Spain also deserves high marks for putting its fiscal house in order. Over the last five years, the budget deficit has declined from 6.6 percent of GDP to just 0.3 percent of GDP—a major achievement by any standard—with the government hoping to achieve fiscal balance this year. In addition, the ratio of debt to GDP, which in the mid-1990s stood at 68 percent of GDP, has now declined by 8 percentage points, and further declines are in the offing.

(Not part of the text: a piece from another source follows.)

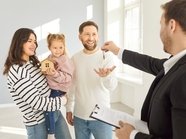 Возможность привлечь созаёмщика по семейной ипотеке сохраняется, заверили в Минфине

To be sure, significant challenges still remain. On the job front, although employment has shot up in recent years (averaging 3½ percent annually since 1995, an astounding three times the euro-area average), the unemployment rate stands at a very high 13.4 percent, with significant human and social costs. But keep in mind that as recently as 1996, the rate of unemployment averaged more than 22 percent. Spain was able to turn this around thanks to wage moderation on the part of workers, better labor relations, and substantial labor market reforms that reduced dismissal costs and social security contributions for certain classes of workers. Further reforms are now needed to continue to reduce dismissal costs, enhance labor mobility, and decentralize the collective bargaining process. And Spain must continue to tackle regional disparities.

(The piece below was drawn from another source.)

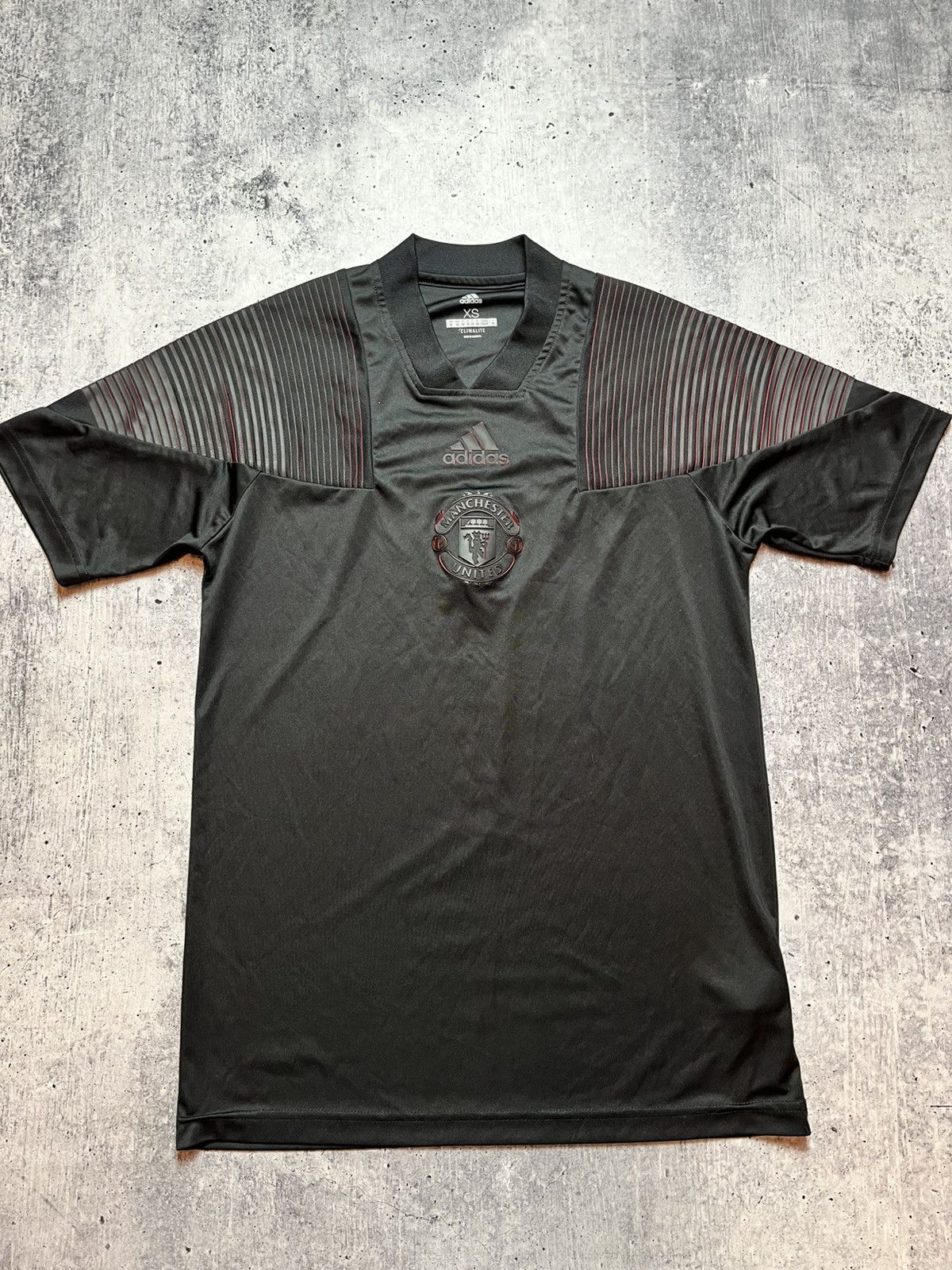 Other Manchester United Jersey Shirt Adidas CW7651 Mens Size XS Size US XS / EU 42 / 0 - 1 Thumbnail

Spain should also move quickly to dampen inflationary pressures, as its persistent inflation differential relative to the monetary union average could lead to an erosion of exporters’ competitive position in the medium term.

Global challenges

As Spain now charts its way forward, it must do so with a world economy undergoing a critical period of adjustment. The engine of global growth over the past 10 years—the U.S. economy—is sputtering, with no other region taking its place. The IMF is forecasting world growth of around 3 percent this year, significantly lower than was generally foreseen last year. On the plus side, the timely U.S. interest rate cuts and tax relief should help facilitate a pickup in the second half of this year, gaining momentum in 2002. Moreover, global inflationary pressures remain manageable, allowing room for maneuver in monetary policies. But on the negative side, oil prices still remain high, substantial current account imbalances remain among the major industrial countries, Japan’s situation appears increasingly difficult, and stock markets remain volatile.

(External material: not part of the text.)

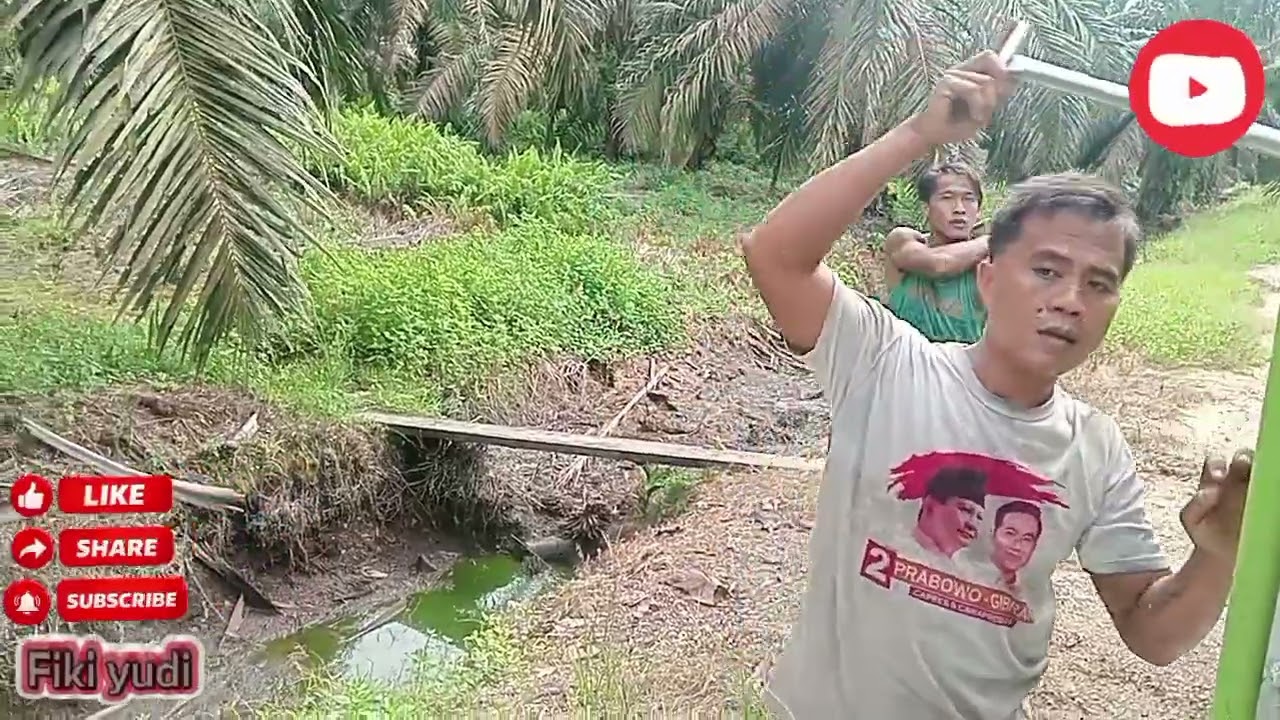 Muat ber 2 dulu bg Ipul lagi cuti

Against this background, can the euro area manage growth around its underlying potential of 2.5 percent this year? The recent slowdown of industrial production, particularly in Germany, combined with rising headline inflation, gives rise to concern. While the recent increase in headline inflation may limit the scope for aggressive monetary easing by the European Central Bank, a further weakening of activity, or signs that underlying inflation is abating, would allow scope for additional rate cuts. The main policy priority, however, remains that far more is needed in terms of ambitious reforms to get rid of structural rigidities, especially in labor markets, pension systems, and product markets. Moreover, Europe should be aiming at boosting potential growth to well over 3 percent—an increase that would significantly lower unemployment, strengthen the euro, and help strengthen the global economy.

How can the international community help spread the benefits of globalization? Industrial countries should practice what they preach and open up their own economies, especially in areas where developing countries have a clear and demonstrated comparative advantage. Meanwhile, the IMF supports calls for the poorest countries to have duty- and quota-free access to industrial country markets.

Industrial countries should also deliver on their long-promised increase in official development aid to the targeted level of 0.7 percent of GDP. And they should follow through on their pledges for debt relief to the poorest countries—here, we welcome the decisions by a number of Group of Seven countries to forgive 100 percent of bilateral debts.